To meet the growing consumption of vanillin by industries while fulfilling the market for more 'natural' or 'healthy' vanillin, the focus has shifted to alternative methods of vanillin production by biosynthesis from more natural precursors, such as lignin, phenolic stilbenes, isoeugenol, eugnol, ferulic acid, and aromatic acids. Aligned with this movement, European and United States legislations have allowed microbial production of vanillin to be classified as natural vanillin.

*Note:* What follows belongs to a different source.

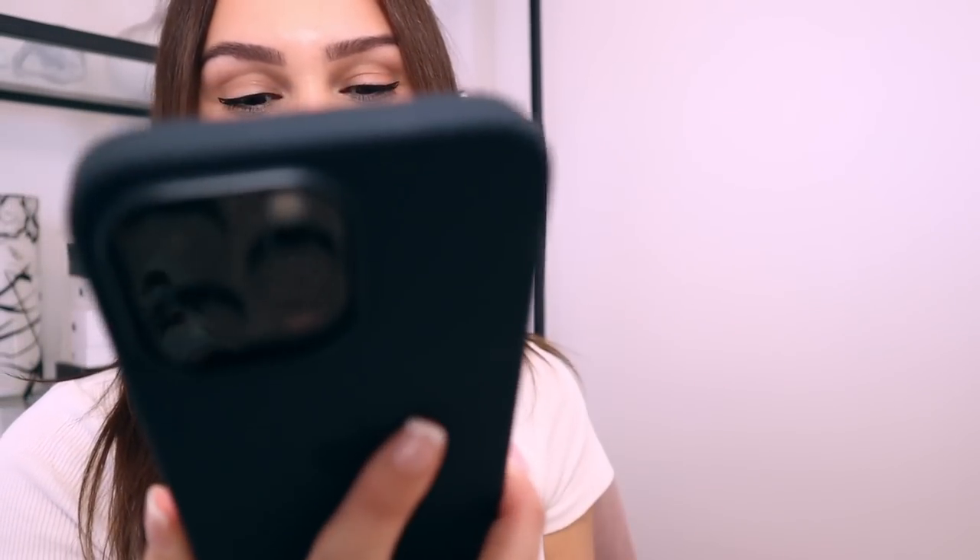Here's what the case looks like on the phone — it looks great. This is so nice. I honestly love this. I'm so happy I got this phone — I'm acting like it's my phone, but it basically is.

Microbial Synthesis of Vanillin
Vanillin production in microorganisms has been heavily researched in Pseudomonas sp., Amyclatopsis sp., Sphingomonas pauimobilis,Rhodococcus , Pseudomonas putida KT2440, Pseudomonas fluorescens, and Streptomyces setonii. One important pathway that these microorganisms share for vanillin production is the conversion of ferulic acid to vanillin. Ferulic acid (4-hydroxy-3-methoxycinnamic acid), or hydroxycinnamic acid, is a component of the cell walls in cereals, woods, and sugar beets. Ferulic acid is best utilized as a precursor for synthesis of aromatic compounds such as vanillin, which involves 2 enzymes: the conversion of ferulic acid to feruloyl-CoA by feruloyl-CoA synthetase (Fcs) enzymes and the conversion of feruloyl-CoA into vanillin by enoyl-CoA hydratase/aldolase (Ech) enzymes. Heterologous expresion of these 2 genes (fcs and ech) in E.coli have been characterized to show moderate production of vanillin with the highest molar yield of 54.% found in Streptomyces sp. strain V-1.